■ Problem requirements:
When a picture appears in the listing, leave it out and copy the rest exactly as it stands.

■ Data excerpt:
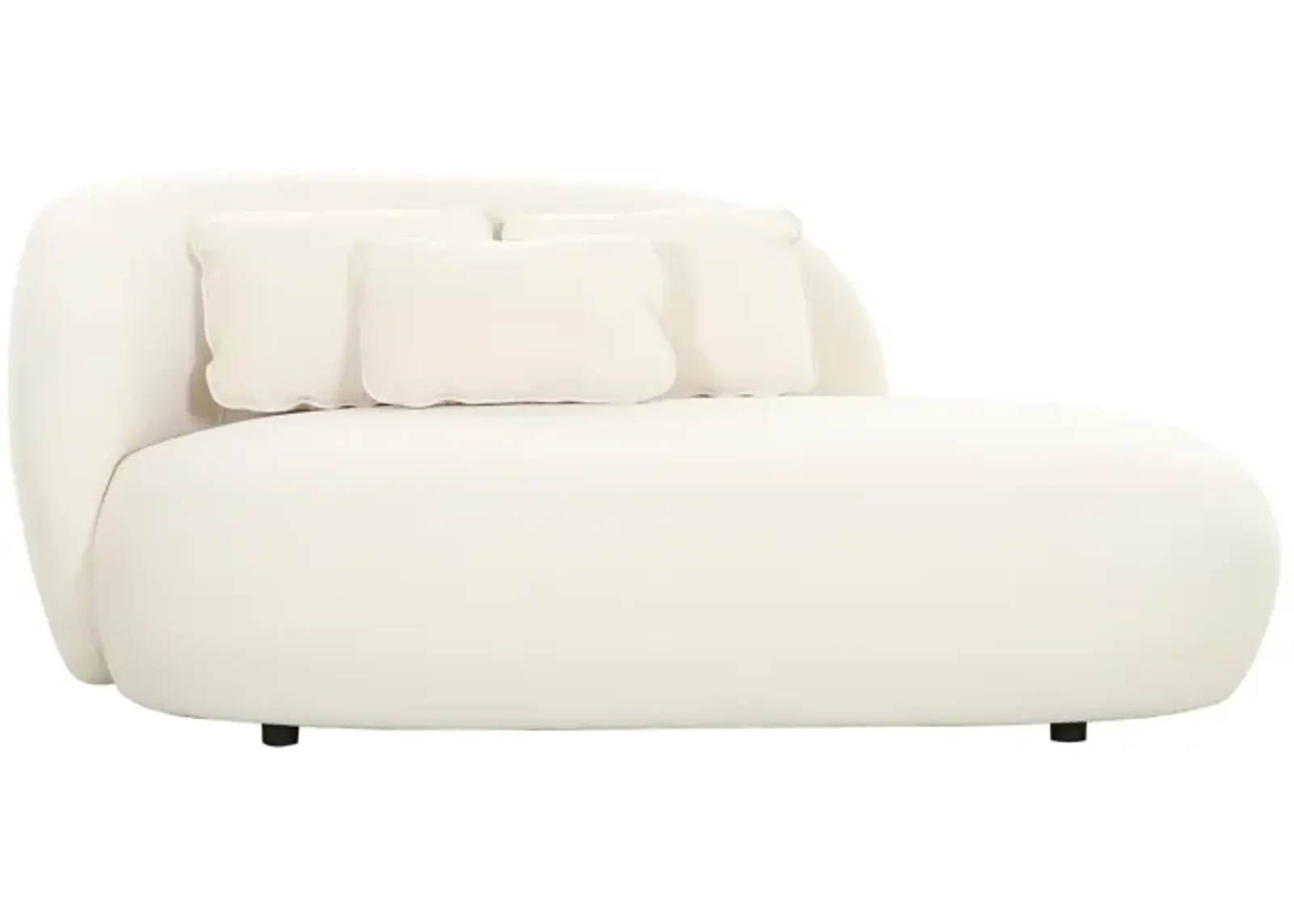 Galet Cream Velvet Chaise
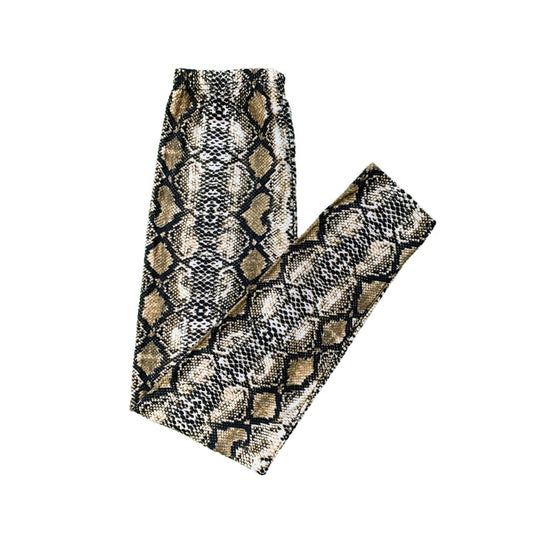 Snake Printed High-Waist Leggings - Golden - One Size - image 1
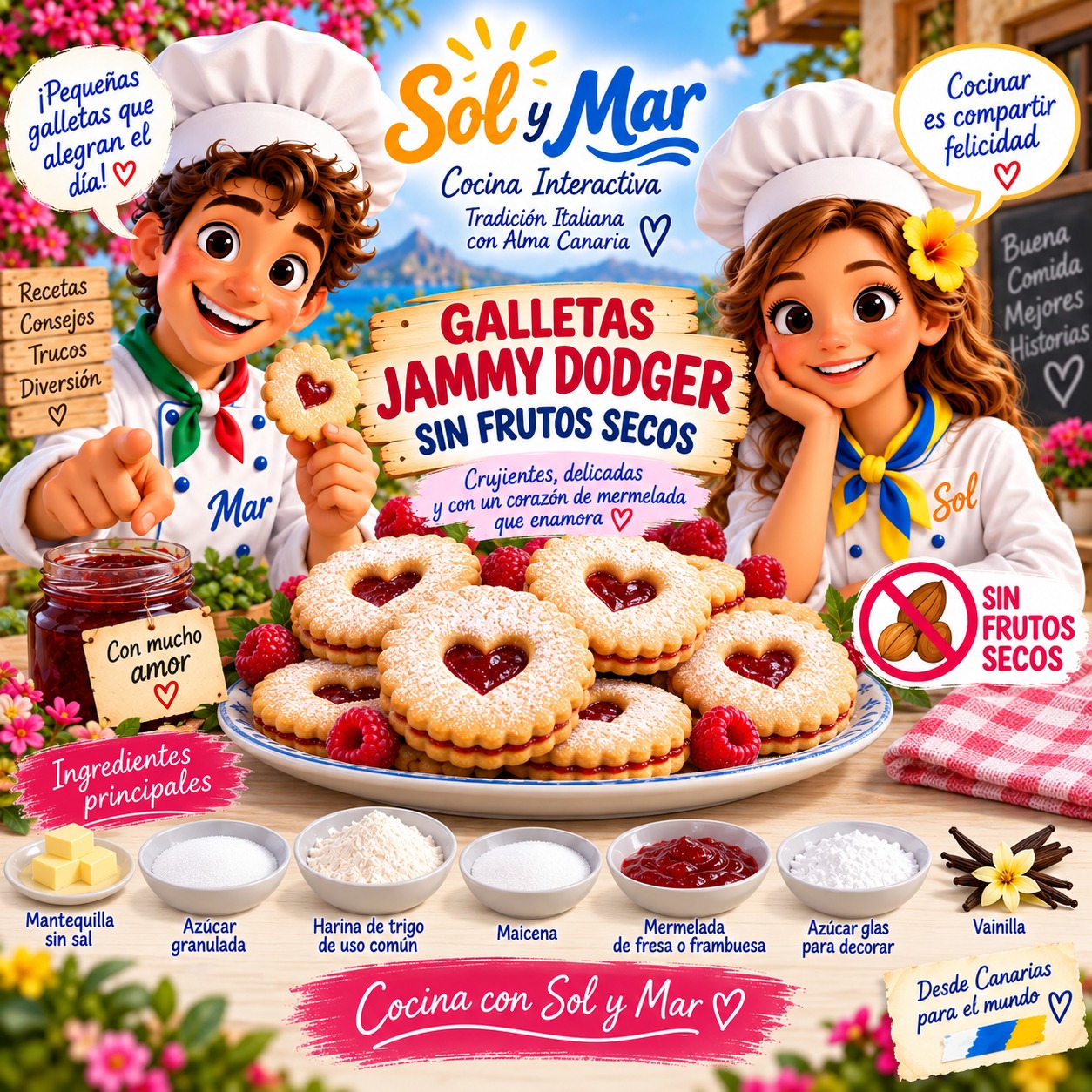 Galletas Jammy Dodger sin Frutos Secos con los chefs Sol y Mar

■ Completed exercise:
 Galet Cream Velvet Chaise
 Snake Printed High-Waist Leggings - Golden - One Size - image 1
 Galletas Jammy Dodger sin Frutos Secos con los chefs Sol y Mar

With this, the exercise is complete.